The Adverse Effects of Natural Disasters on Health and Economy of the United States

Synposis

  • The Effects of Storm Events in the United States is analyzed.
  • They are analyzed regarding impact upon health and economy.
  • The data is from National Oceanic and Atmospheric Administration (NOAA) for the time period 1950-2011.
  • The results are about the events most harmful to health, and also those which had the largest economic costs.
  • For the top events, we give cumulative numbers and also breakdown with year.

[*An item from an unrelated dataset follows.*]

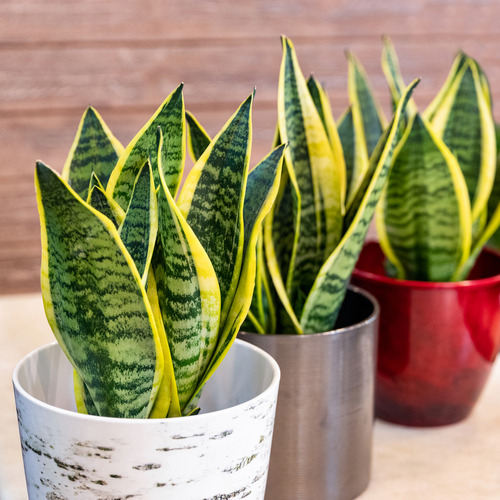 Sansevieria Laurentii Variegated Snake Plant (1)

1. Using dplyr and lubridate

library(dplyr)
library(lubridate)

Data Processing

  • Data is read from the file “repdata_data_StormData.csv.bz2”
  • It is read into the data frame named dat
  • The data frame dat contains 902297 obserations of 37 variables.
  • As data is processed to dat1, dat2, dat3, dat4, and dat5, we keep track of how health and economic costs are changed in these transformations
  • We have to clean as the duplicates of events arise from being capital or not
  • There are duplicates as well from spelling typos
  • dat (as read from file, exply only year is retained for the date)
  • dat -> dat1 (only info for 50 states and DC retained, only needed columns kept )
  • dat1 -> dat2 (property damage calculated based on mutliplier)
  • dat2 -> dat3 (crop damage calculated based on multiplier)
  • dat3 -> dat4 (events with more than 50 occurences retained, outlier in CA corrected)
  • dat4 -> dat5 (events aggregrated over year)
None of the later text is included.